SAN FRANCISCO (KGO) --New credit reporting guidelines announced Tuesday could make it easier for people to buy a home.
Transunion is one of three major credit reporting agencies that gathers the data, which goes into your credit report. Under the new rules, many scores of prospective homeowners will be going up.
Lucia Obregon, 26, like other Bay Area residents dreams of one day owning a home. "Somewhere where I could garden, I would prefer a smaller cozier house rather than this big luxurious house," she said.
She would prefer somewhere in the Mission District where she can be close to the Latino community.

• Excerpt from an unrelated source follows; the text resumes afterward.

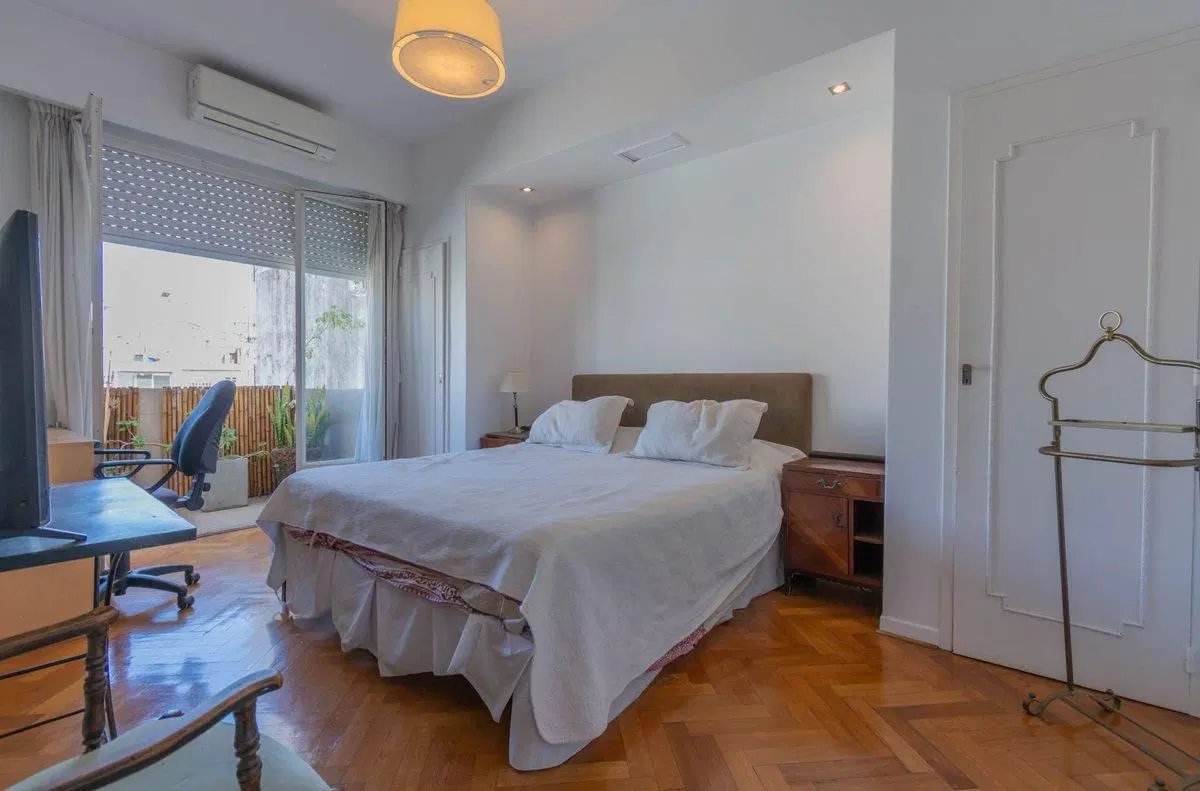 VENTA DEPARTAMENTO 4 AMB RECOLETA CON DEPENDENCIA 5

Obregon is in the age group most likely to benefit from changes in how Transunion credit scores are determined.
Transunion announced its taking its cue from Fannie Mae and will start compiling scores based on 30 months of credit history.
"Compare that to a traditional credit report that essentially refers to a consumer at a point of time," Transunion spokesperson Nina Verma said.
People such as Lucia who are burdened with thousands of dollars of student loans will benefit.
Housing counselor Juan Diego Castro of the Mission Economic Development Agency explains. "Young people benefit the most because they're coming out of school with huge loans, with high interest rate loans, so they'll benefit," Castro said.
By looking at their credit history over a longer period of time, they have the opportunity to lower their debt-to-income ratio and increase their credit score. "As small as it may be, it goes a long way when you live in an expensive city like San Francisco," Obregon said.
Transunion is predicting the change will increase the number of new home buyers in the next five years by almost 30 percent to 17 million.
And that she says will stimulate the economy. "They're buying homes from somebody else. Now, these people move on to the next home or the bigger home of the vacation home," Verma said.
Castro who has been counseling Obregon on purchasing her first home predicts good things for his client.
Transunion predicts 21 percent who are part of this new scoring idea will see higher credit scores, while only 11 percent will see lower scores.